The threaded portion 68 of the jacking foot 62 is configured to threadedly engage with the threaded bore 64 of the jacking body 58 so as to allow the jacking foot 62 to be rotatably adjusted relative to the jacking body 58. During operation of the levelling apparatus 56, the jacking foot 62 is deployed from a retracted position, as shown in Fig. 7, to an elevated, or extended, position, as shown in Fig. 6.

It should be noted that the levelling apparatus 56 is provided with means for retaining it in position relative to the upper flange before concrete is poured into the excavation pit. In the illustrated embodiment, the support arms 60 serve to position the levelling apparatus 56 with respect to the anchor bolts 36 in a sliding relationship. With reference to Figs. 5, 6 and 7, each support arm 60 is provided with an aperture or hole 88 which receives a respective anchor bolt 36. During assembly of the anchor cage 30, each support arm 60 inserted over its respective anchor bolt 36 before at least one of the upper and lower flanges 34, 38 is mounted in position. Although relative engagement between the levelling apparatus and respective anchor bolts is shown here, suitable means may be provided to fix the levelling apparatus in position. For example, a fastener may extend from the upper flange and attach to the jacking body 58 or the jacking foot 62.

The support provided to the levelling apparatus 56 is configured to maintain the position of the levelling apparatus 56 during the formation of the foundation 26. In particular, the support may be configured to secure the levelling apparatus 56 in position so that an upper face of the jacking body 58 remains in contact with the upper flange 34 whilst the cementitious material is being poured into the excavation pit. This prevents the cementitious material from flowing between the upper flange 34 and the levelling apparatus 56, where it could otherwise disrupt the operation of the levelling apparatus 56.

Once the rigid body 90 has formed, it encapsulates and therefore provides support to the levelling apparatus 56, which thereby enables the jacking foot 62 to exert a levelling force upon the upper flange 34 during the anchor cage levelling process.

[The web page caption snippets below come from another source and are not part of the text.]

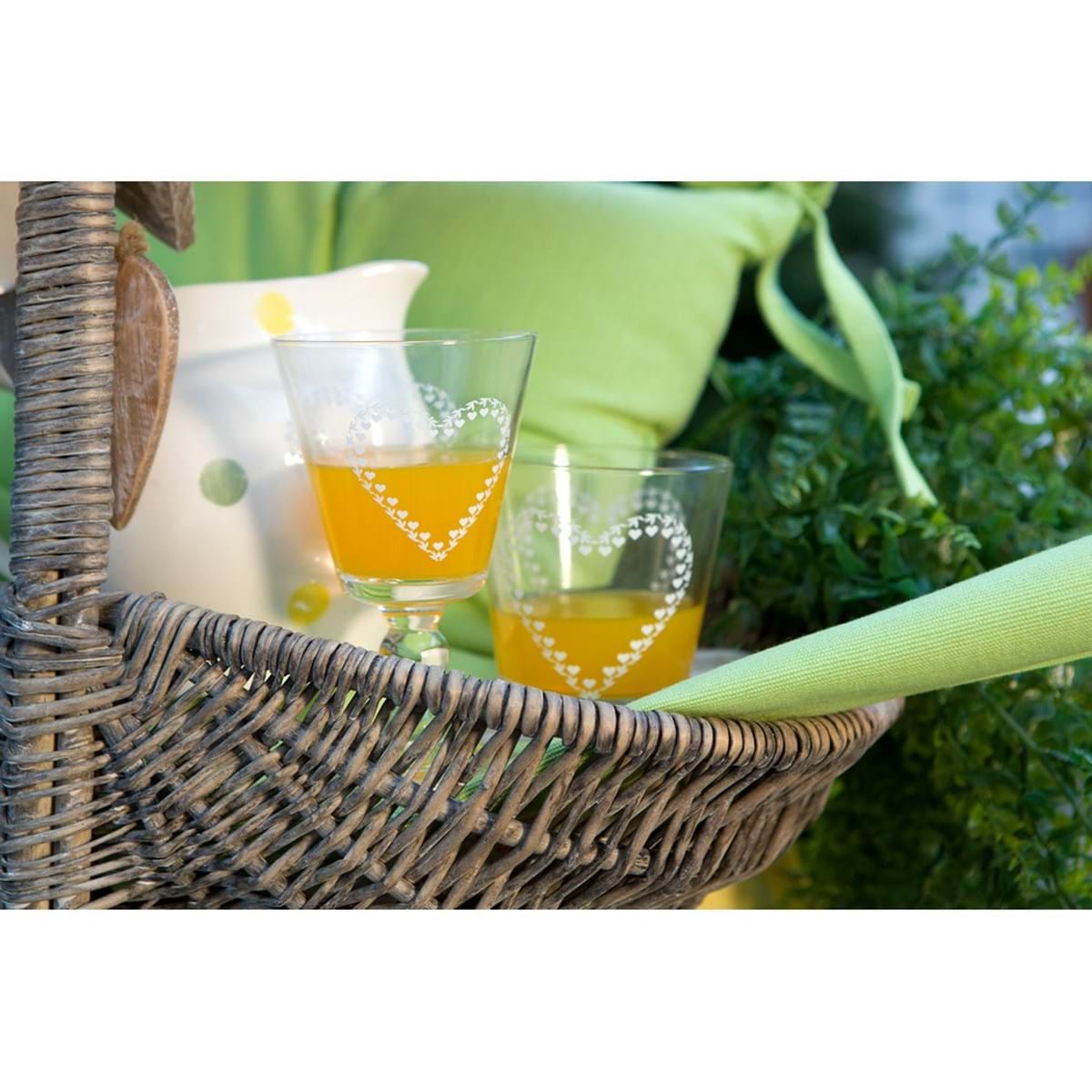 Set 6 bicchieri acqua decoro cuore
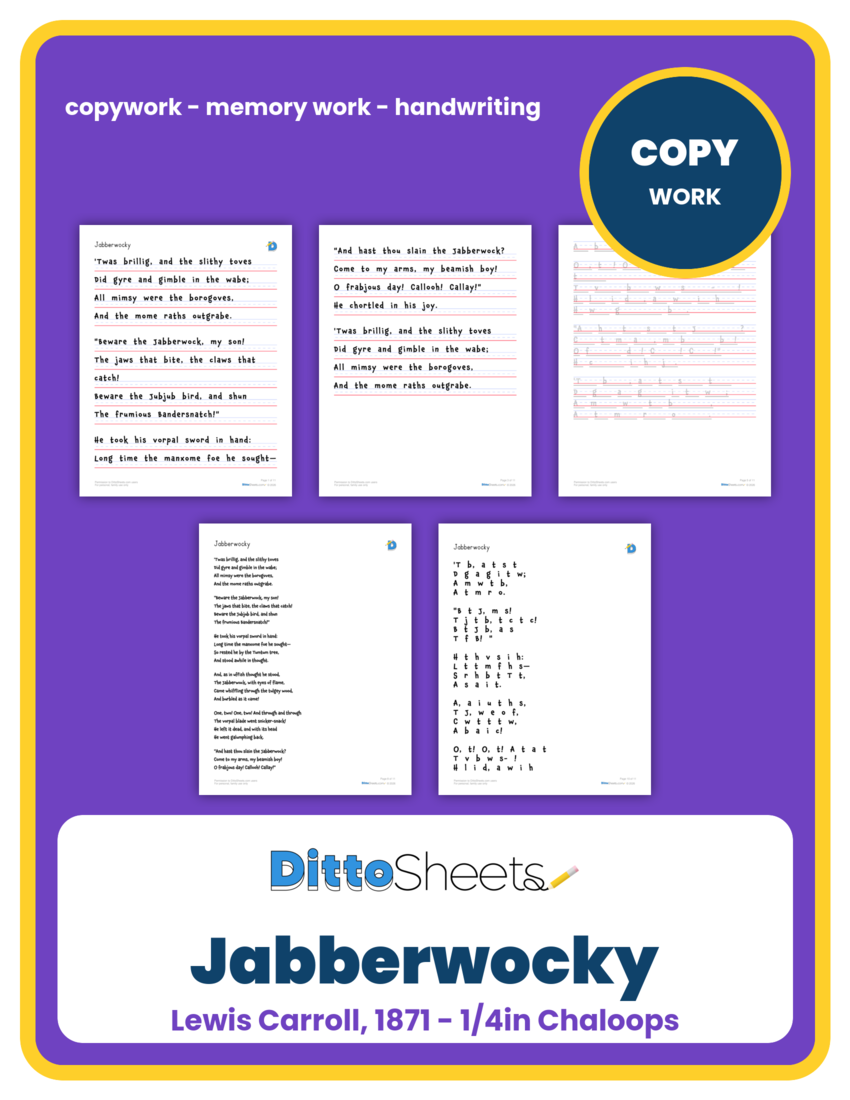 Jabberwocky Copywork printable worksheet preview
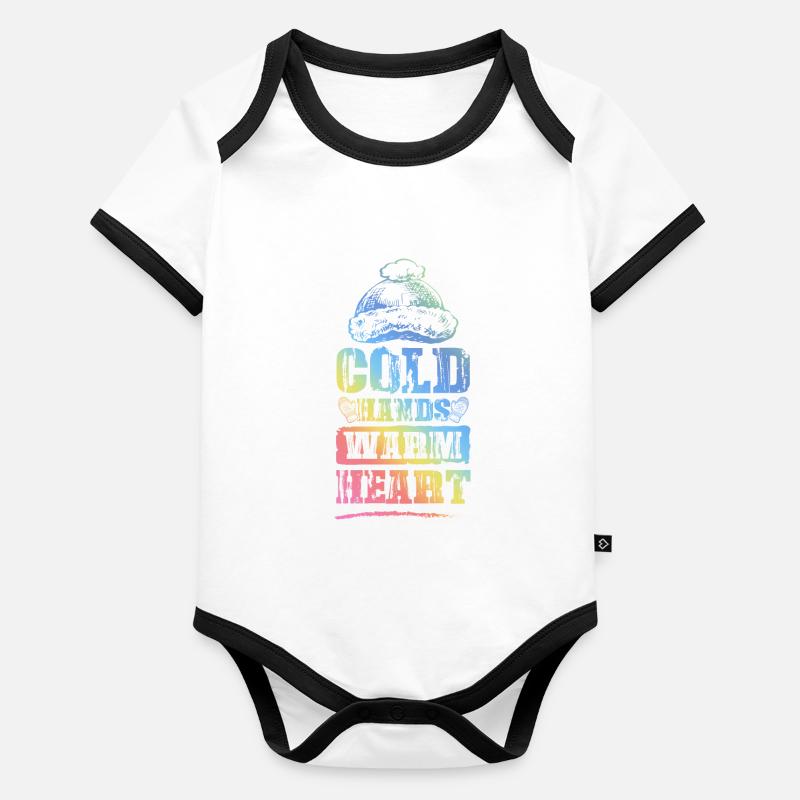 Froid Chaud Coeur Hiver Body Bébé bio contrasté manches courtes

The upper end of the jacking body 58 comprises a recessed portion 76 in the form of a counterbore arranged to receive the jacking foot 62 when the jacking foot 62 is arranged in its retracted position, as shown in Fig. 7. The recessed portion 76 is dimensioned to provide a tight fit around the head portion 66 of the jacking foot 62 when it is arranged therein, so as to prevent any ingress of cementitious material during the pouring process, and that so the upper face of the head portion 66 lies flush with the surrounding part of the jacking foot 62. An option here would be for the upper end of the jacking body 58 to be configured so that it can form a seal with the underside of the upper flange. Correspondingly, the head portion 66 could be configured so that it sits below the upper end of the jacking body 58, such a configuration usefully allowing for manufacturing tolerances.

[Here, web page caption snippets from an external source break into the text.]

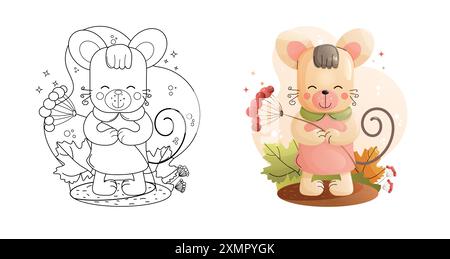 Cute Mouse Coloring Page Black and White and Colored Versions. Childrens animals set.  Stock Vector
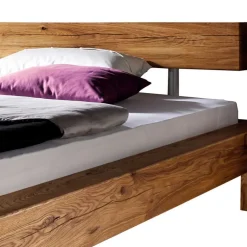 Wohnen Balken-Doppelbett mit Nachttischen im Set Housten aus Wildeiche massiv (dreiteilig)
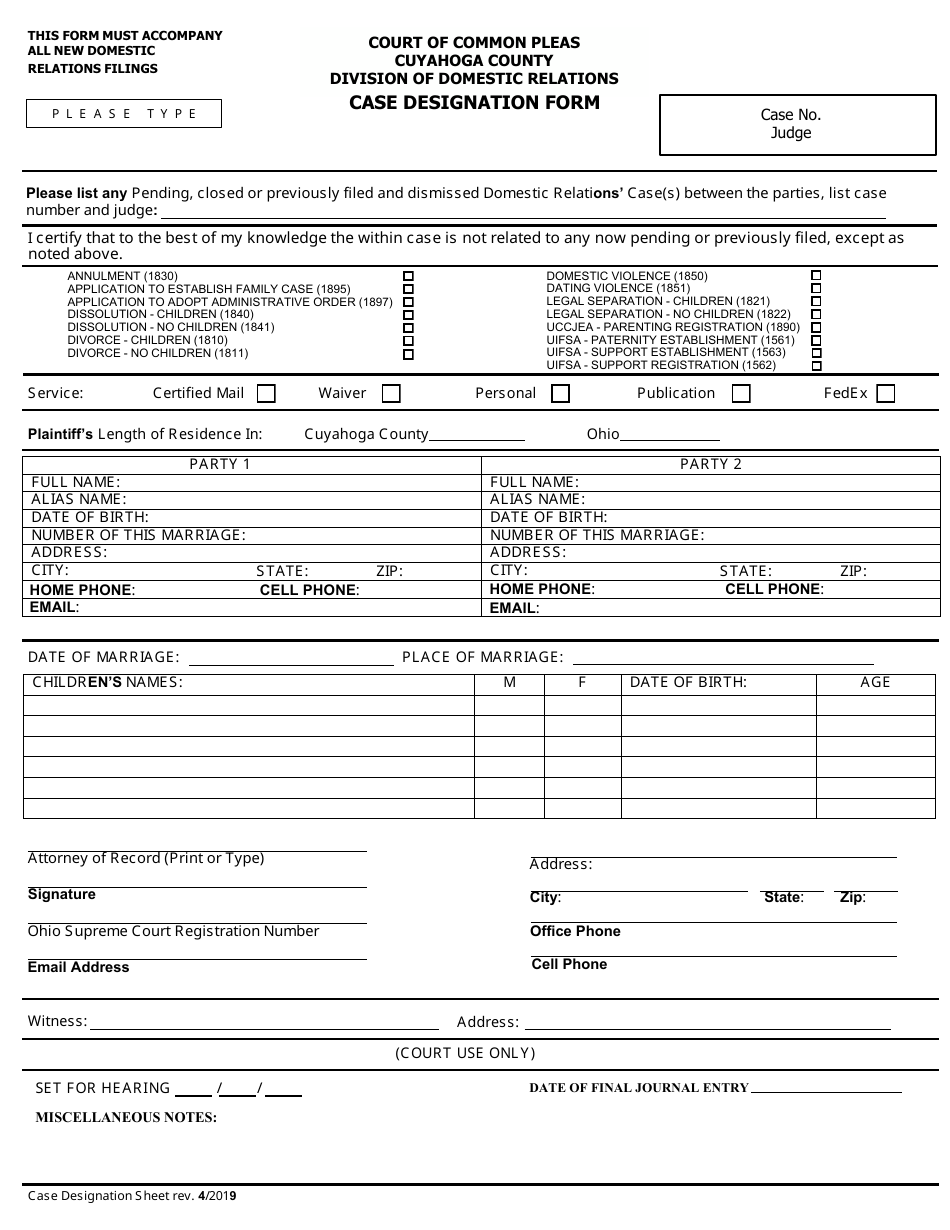 Application for Parental Rights  Responsibilities - Cuyahoga County, Ohio, Page 2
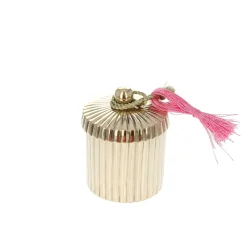 Boite ronde striée dorée - Petit modèle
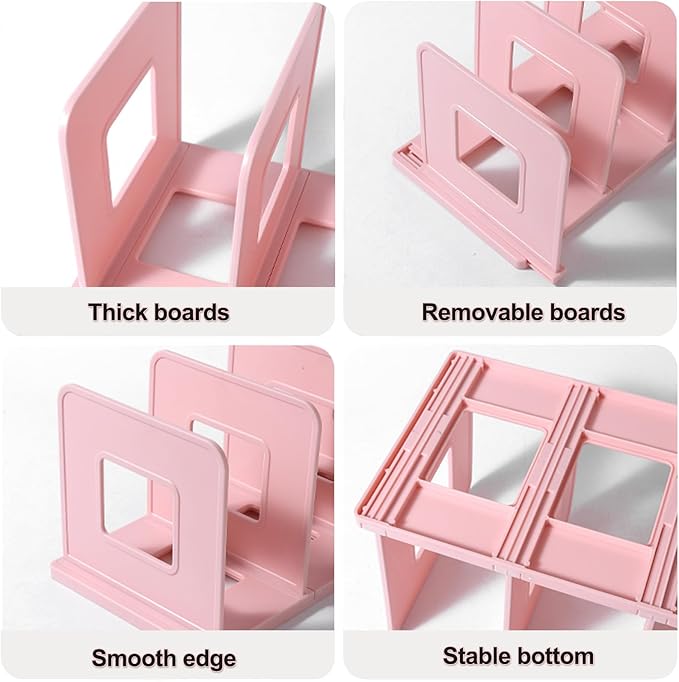 Lemical 4 Section Divider File Folder Holder Desk Book Organizer Desktop Bookshelf File Organizer Portable Plastic Kitchen Under Sink Organizer Pot Rack Handbag Sorter (Pink)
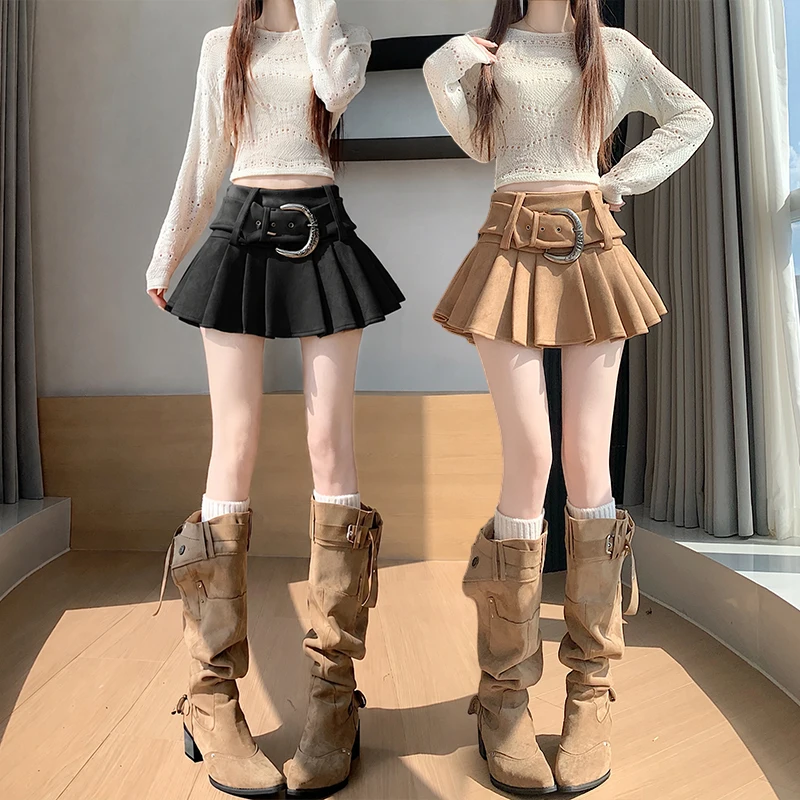 Women High Waist Cargo Skort Retro Double Row Buttons Elastic Bodycon Mini Skirt Y2K Hot Girl Bottoms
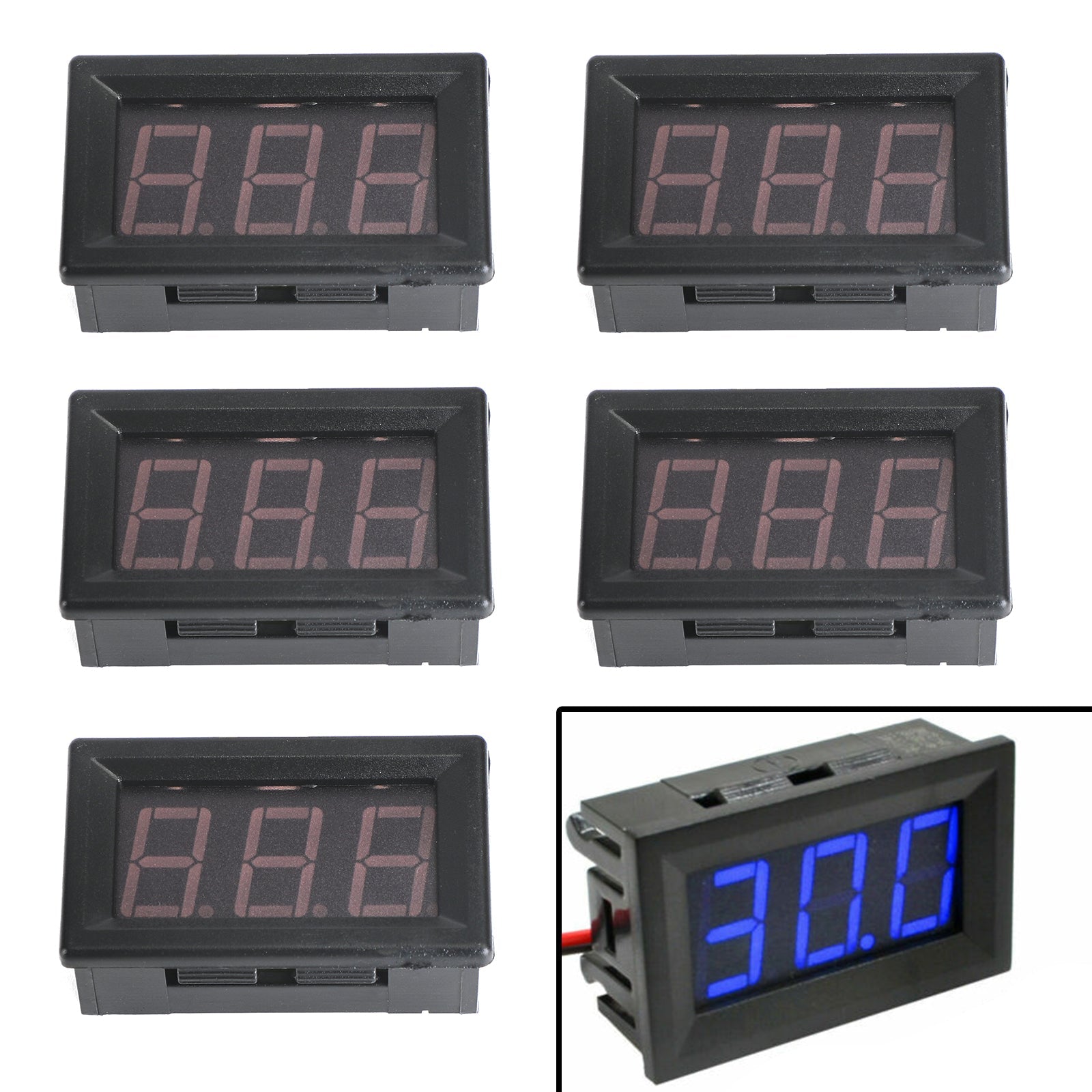 5 stk Dc5-120V 0,56" 2-leder LED digitalt skjermpanel Voltmeter Volt Tester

In the illustrated embodiment, therefore, the recessed portion 76 of the jacking body 58 thereby helps to ensure that the jacking foot 62 can be deployed during the levelling process. The jacking foot 62 may be sealed with a protective covering, or lubricant, in order to help prevent undesired contact and bonding with cementitious material during the formation of the foundation 26. Also, as mentioned above, to avoid problems with ingress of cementitious material around the jacking body 58 and jacking foot 62, it is preferred that one or both components are configured to as to create a seal against the underside of the upper flange. Such a seal may be achieved by these components simply pressing up against the underside of the upper flange.

According to the exemplary embodiment of the levelling apparatus 56 shown in Figs. 5, 6 and 7, both the jacking foot 62 and the jacking body 58 have substantially circular cross sections. It will be appreciated, however, that jacking foot 62 may be configured with any suitable shape which enables it to exert a levelling force upon the upper flange 34 of the anchor cage 30. Furthermore, the jacking body 58 may also comprise any shape which can suitably support an elevating element, such as the jacking foot 62, and which can be arranged between the upper and lower flanges 34, 38, and be mounted to at least one anchor rod 36 of the anchor cage 30.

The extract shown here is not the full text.